Adieu

Adieu
photo de Anya Bartels-Suerdmont

samedi 19 septembre 2015

Deux places pour un massage

Dans l'état d'aquoibonisme transcendantal chronique où je me trouve depuis deux ans, je n'avais pas prévu de me déplacer pour voir des Puerto de San Lorenzo. Oh qué no. Il a fallu que mon avant-dernier patient me dise que sa femme avait gagné deux places pour la course dont elle ne savait quoi fouchtre et que mon dernier patient se décommande pour que se retrouve mon ex-auguste fessier dont les fibres rouges striées me propulsaient jadis en Fosbury dans le firmament du ciel azur du ''Stade Municipal Marcel Rouvière'', sur les pierres millénaires fossilisées de l'amphithéâtre à anti-corrida.

Ça va l'intro t'a plu, lecteur ? C'est lourd, hein, ce matin ? En même temps, t'es obligé de ramener ta truffe ici ? Bon, alors...

L'éloge de la lenteur est un concept qui se défend, notamment pour le maniement des étoffes devant les museaux ; mais, quand tu vois sortir un toro au pas, très lentement, il n'y a pas de quoi accélérer le galop de ton espoir de voir une bonne course... maintenant que tu as compris de quels toros il s'agissait, les gonzinards :

Luque coupa parait-il, une oreille. Je jure que je l'apprends ce matin par le journal. On ne s'en était pas rendu compte ma sirène et moi. Rien d'étonnant, je réalise que je passe plus de temps à la bader qu'à regarder en bas. Une gazelle énergique et souple, qui ne choit dans le sable que lorsqu'elle veut bronzer, c'est quand même plus passionnant qu'un bovin déjà noir qui se croit tout le temps à la plage, non ? Si.

Le ''Pas Gitan'' (El Payo) prenait l'alternative. Pas le plus mauvais que j'ai vu mais manquant encore de sel, poivre, personnalité, alegria, détermination.

Heureusement Joselito Adame.
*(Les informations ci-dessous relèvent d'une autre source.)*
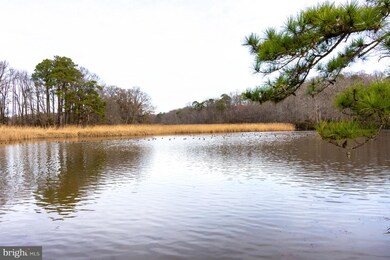 112 Carriage Ln, Queenstown, MD 21658 - photo 7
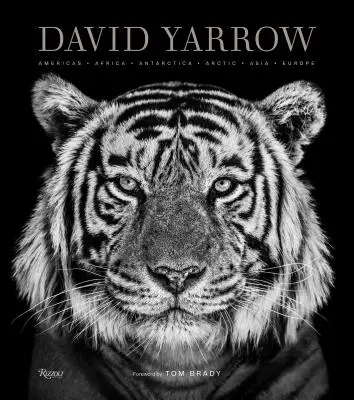 Fotografii David Yarrow: America Africa Antarctica Arctica Asia Europa - David Yarrow Photography: Americas Africa Antarctica Arctic Asia Europe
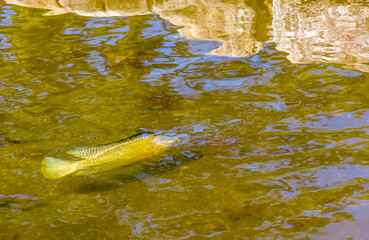 Obraz premium Peixe no lago.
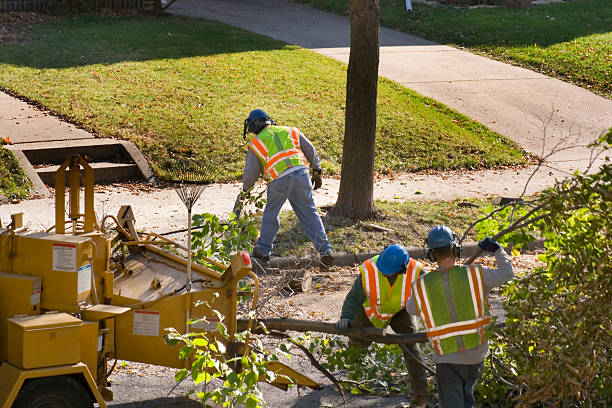 Best Tree Mulching  in Swainsboro, GA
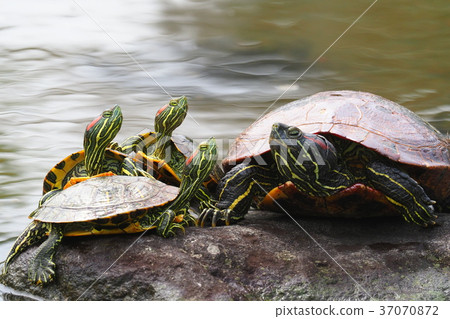 Mississippi Pond slider 37070872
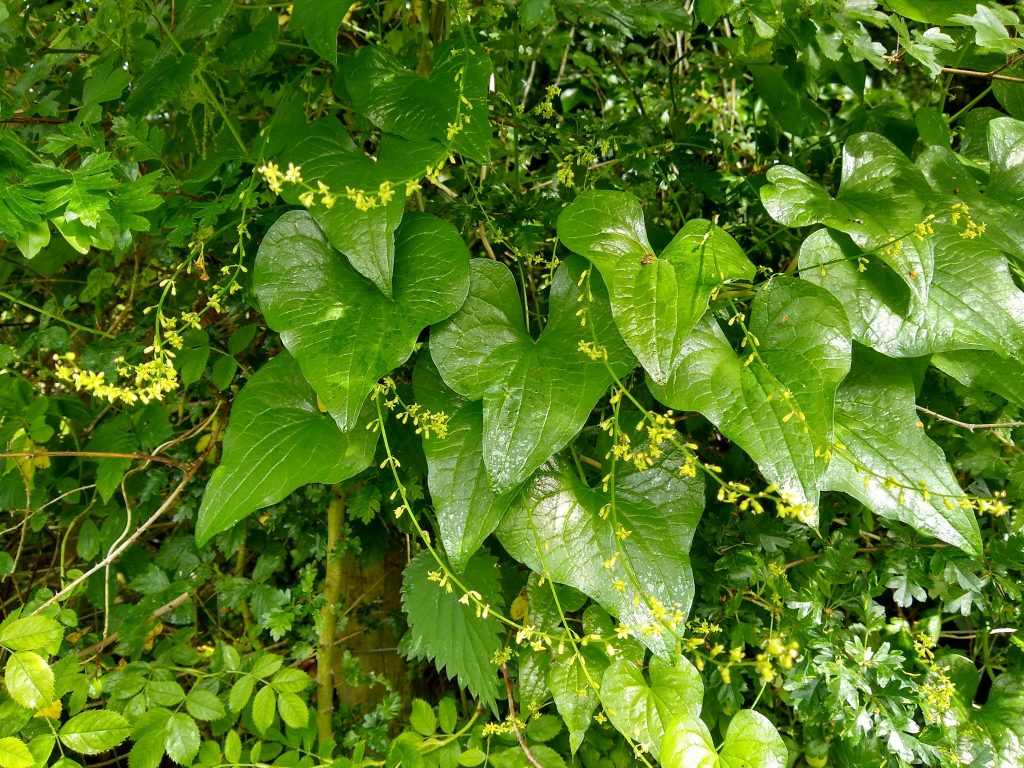 Black Bryony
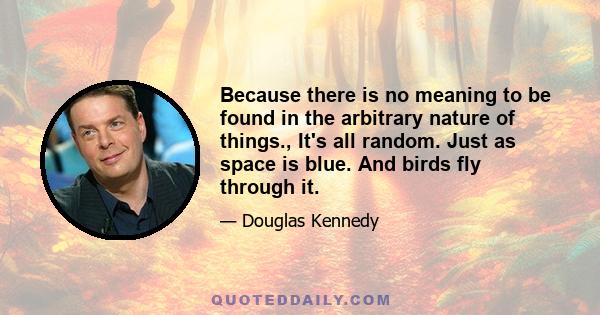 Because there is no meaning to be found in the arbitrary nature of things., It's all random. Just as space is blue. And birds fly through it.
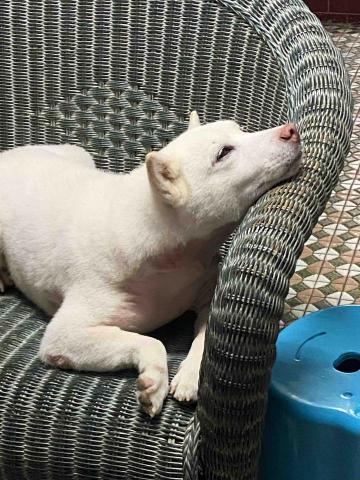 寵物（毛小孩）寄宿/陪伴/散步 - 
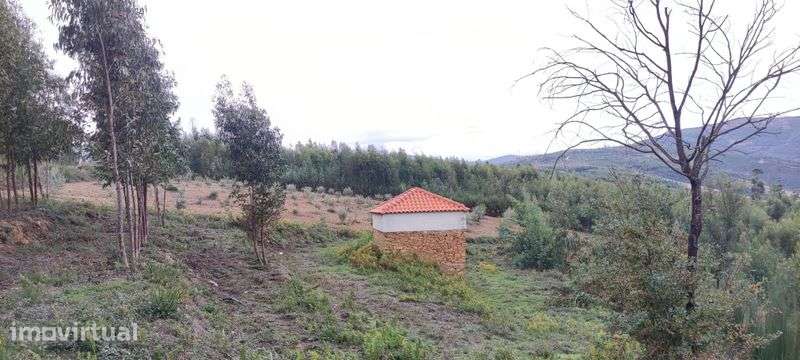Terreno com 17.000m² e Ruína em Vinho – Vila Cova de Alva, Arganil - Grande imagem: 2/3
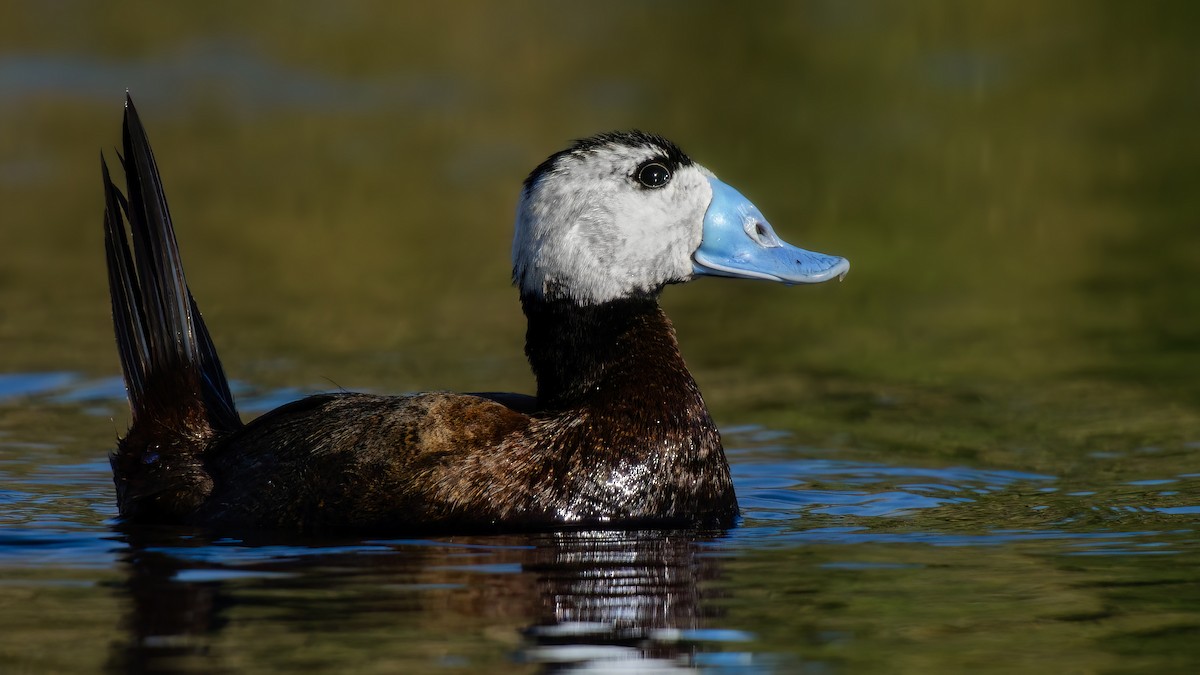 White-headed Duck - ML621668524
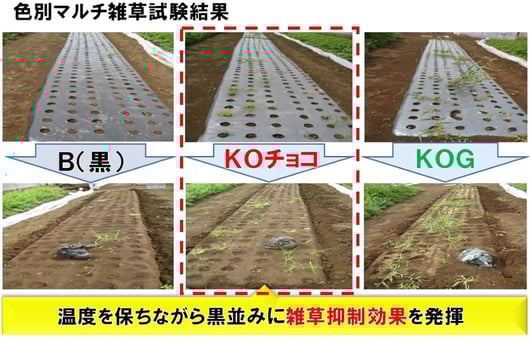 image3_ai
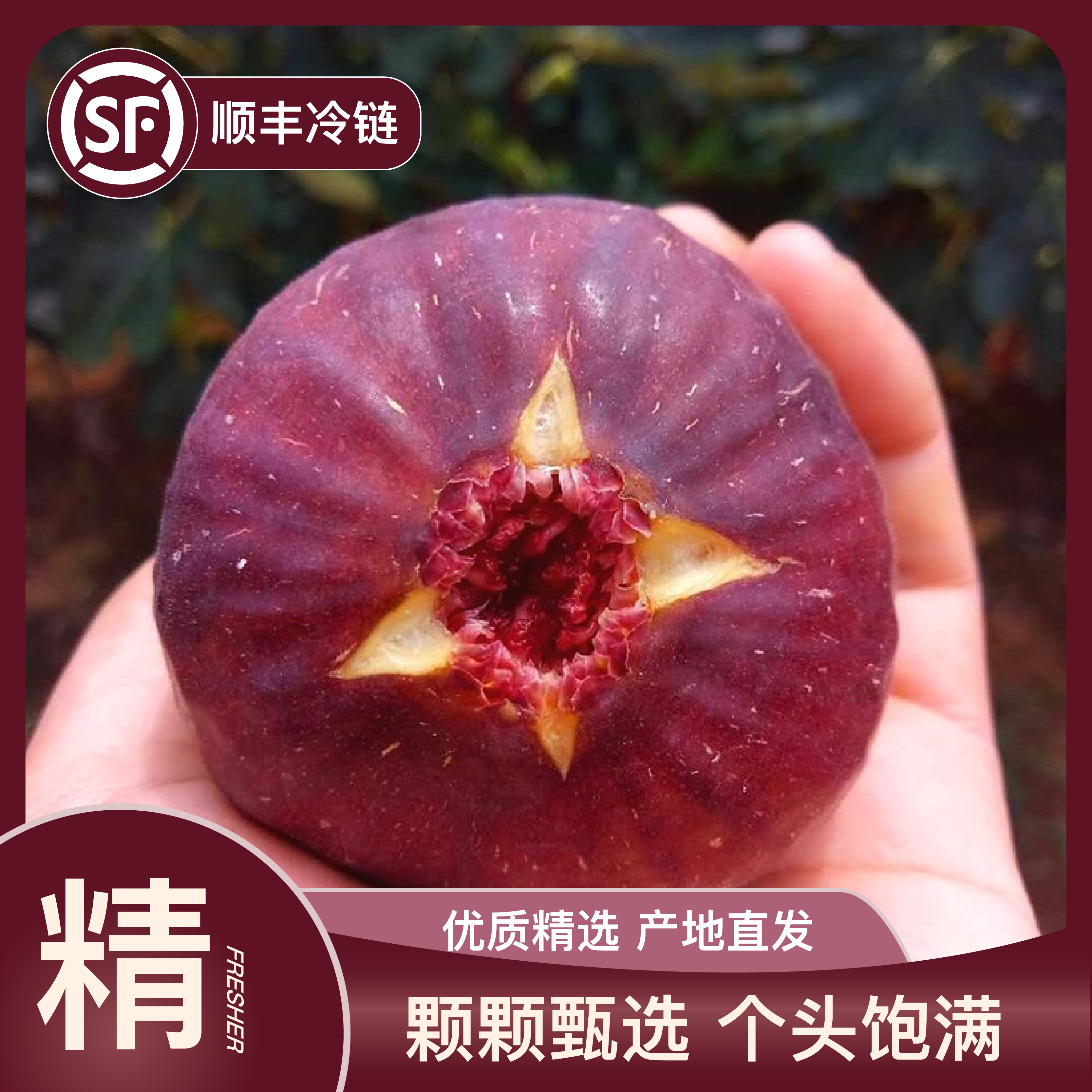 【顺丰现货|红皮无花果】四川红皮无花果水果老树无花果鲜果熟度高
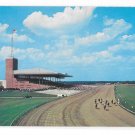 NJ Atlantic City Race Course New Jersey Track Grandstand Horses Racing Vintage Postcard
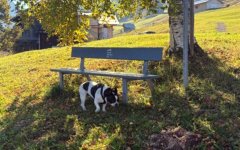 Unser Hund Hugo erkundet den Boden unter dem Baum. Eine Bank mit Aufschrift Kleinwalsertal steht im Hintergrund. Es ist ein sonniger Herbsttag
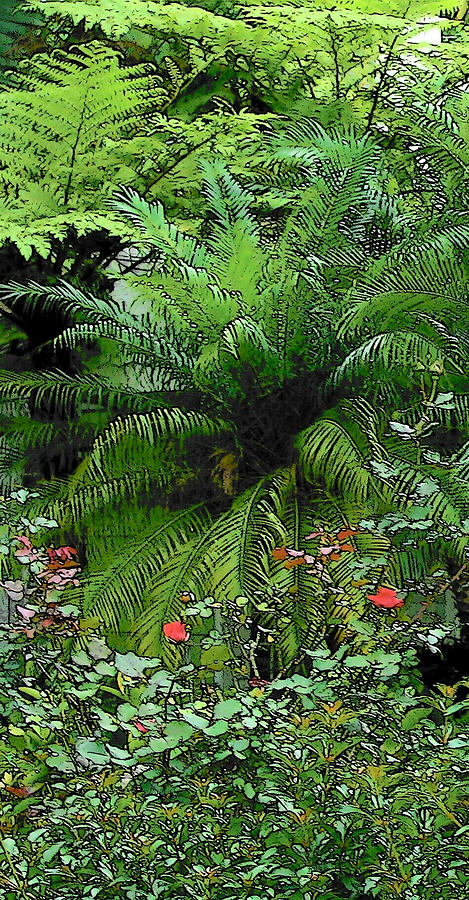 Ferns and  Roses Photograph by Strangefire Art       Scylla Liscombe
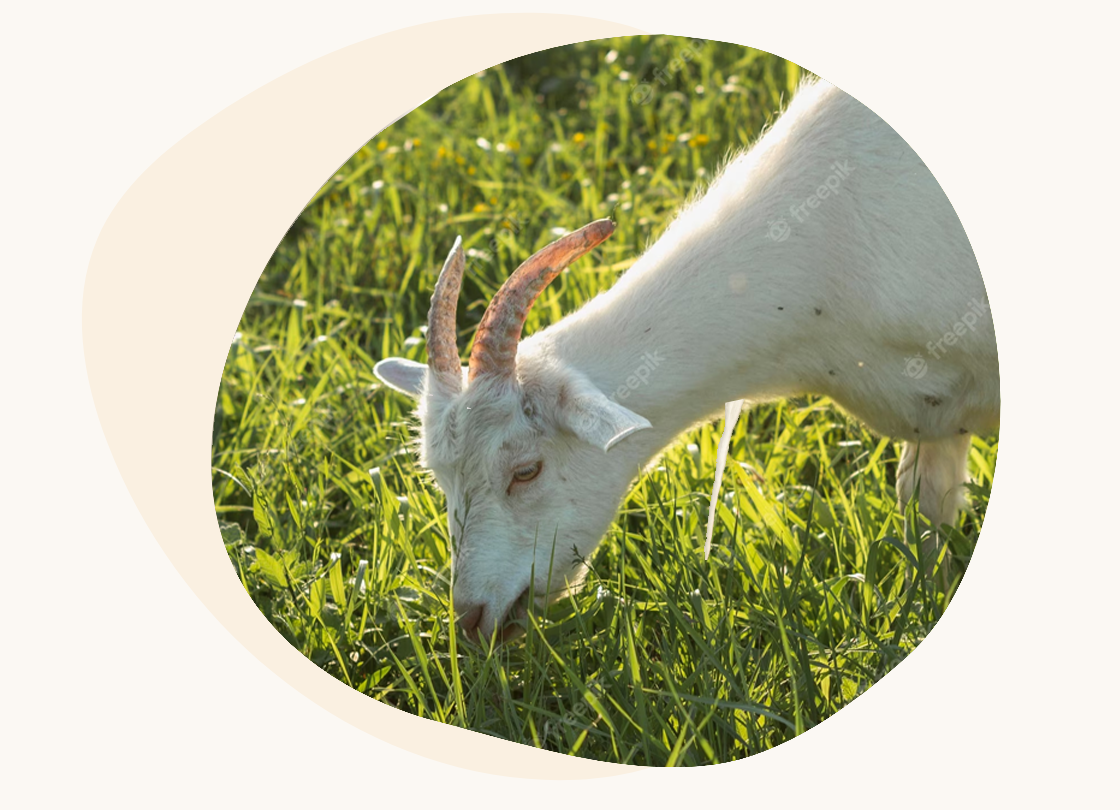 White goat grazing on pasture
Il a dû être pauvre, lui, dans sa jeunesse. C'est lui qui s'intéressa le plus, le mieux, le plus intensément à son métier. Concentré, concerné, travailleur, belluaire, mexicain. Las, il tenta en conclusion d'un trasteo intéressant une sorte de volabir à moins que ce ne fût un récipié dont résulta l'épée la plus laide qu'on n'ait jamais vu dans l'histoire de la tauromachie de Tijuana jusqu'à Barrancos.
Et si ça me plaît à moi, d'exagérer ?

Quand mon patient revint avec les deux places que sa femme m'offrait, je lui dis de transmettre à celle-ci, qu'elle avait gagné une séance de massage, qu'elle n'hésite pas à me contacter pour prendre rendez-vous. Cela n'eut pas l'air de le ravir, je crois que je suis bon pour une bouteille de vin...

1 commentaire:

Pedroplan a dit…

Ah, mais Marc, c'est que tu n'as pas vu celle de José Ruiz Munoz la veille ! Je parle de l'épée portée dans le plus pur style de l'auguste tonton.